- Opening Delimiter -
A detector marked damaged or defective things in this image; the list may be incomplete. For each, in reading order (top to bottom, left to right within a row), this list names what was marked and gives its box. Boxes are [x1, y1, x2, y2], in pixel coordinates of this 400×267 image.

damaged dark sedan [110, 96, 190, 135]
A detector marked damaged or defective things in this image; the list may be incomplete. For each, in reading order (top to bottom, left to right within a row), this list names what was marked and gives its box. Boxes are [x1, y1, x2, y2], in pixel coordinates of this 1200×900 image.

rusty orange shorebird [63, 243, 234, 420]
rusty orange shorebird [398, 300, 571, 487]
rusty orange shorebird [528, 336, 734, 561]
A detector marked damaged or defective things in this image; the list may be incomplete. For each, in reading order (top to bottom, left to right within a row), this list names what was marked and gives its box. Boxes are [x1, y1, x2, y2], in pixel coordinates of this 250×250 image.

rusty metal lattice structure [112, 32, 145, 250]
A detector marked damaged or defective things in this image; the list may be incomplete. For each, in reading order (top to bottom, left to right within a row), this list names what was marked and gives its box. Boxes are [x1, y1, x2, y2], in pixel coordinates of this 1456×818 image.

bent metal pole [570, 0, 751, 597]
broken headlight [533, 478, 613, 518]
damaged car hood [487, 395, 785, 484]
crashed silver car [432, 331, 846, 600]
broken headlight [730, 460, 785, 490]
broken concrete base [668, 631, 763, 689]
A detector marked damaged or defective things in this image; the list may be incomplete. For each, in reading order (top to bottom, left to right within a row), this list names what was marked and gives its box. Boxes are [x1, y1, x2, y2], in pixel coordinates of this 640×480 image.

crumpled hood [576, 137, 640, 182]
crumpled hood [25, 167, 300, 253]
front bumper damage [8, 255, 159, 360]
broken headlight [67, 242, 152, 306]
- Closing Delimiter -
__WHAT NEEDS TO BE DONE__: All the entries above need to be reproduced exactly.

__EXERCISE OUTPUT__:
A detector marked damaged or defective things in this image; the list may be incomplete. For each, in reading order (top to bottom, left to right within a row), this list names what was marked and gives its box. Boxes are [x1, y1, x2, y2], in pixel coordinates of this 400×267 image.

damaged dark sedan [110, 96, 190, 135]
A detector marked damaged or defective things in this image; the list may be incomplete. For each, in reading order (top to bottom, left to right within a row), this list names what was marked and gives its box. Boxes are [x1, y1, x2, y2], in pixel coordinates of this 1200×900 image.

rusty orange shorebird [63, 243, 234, 420]
rusty orange shorebird [398, 300, 571, 487]
rusty orange shorebird [528, 336, 734, 561]
A detector marked damaged or defective things in this image; the list may be incomplete. For each, in reading order (top to bottom, left to right within a row), this list names what was marked and gives its box. Boxes are [x1, y1, x2, y2], in pixel coordinates of this 250×250 image.

rusty metal lattice structure [112, 32, 145, 250]
A detector marked damaged or defective things in this image; the list may be incomplete. For each, in reading order (top to bottom, left to right within a row), this list names what was marked and gives its box. Boxes are [x1, y1, x2, y2], in pixel coordinates of this 1456×818 image.

bent metal pole [570, 0, 751, 597]
broken headlight [533, 478, 613, 518]
damaged car hood [487, 395, 785, 484]
crashed silver car [432, 331, 846, 600]
broken headlight [730, 460, 785, 490]
broken concrete base [668, 631, 763, 689]
A detector marked damaged or defective things in this image; the list may be incomplete. For each, in reading order (top to bottom, left to right within a row), this list names what was marked and gives its box. Boxes are [x1, y1, x2, y2], in pixel coordinates of this 640×480 image.

crumpled hood [576, 137, 640, 182]
crumpled hood [25, 167, 300, 253]
front bumper damage [8, 255, 159, 360]
broken headlight [67, 242, 152, 306]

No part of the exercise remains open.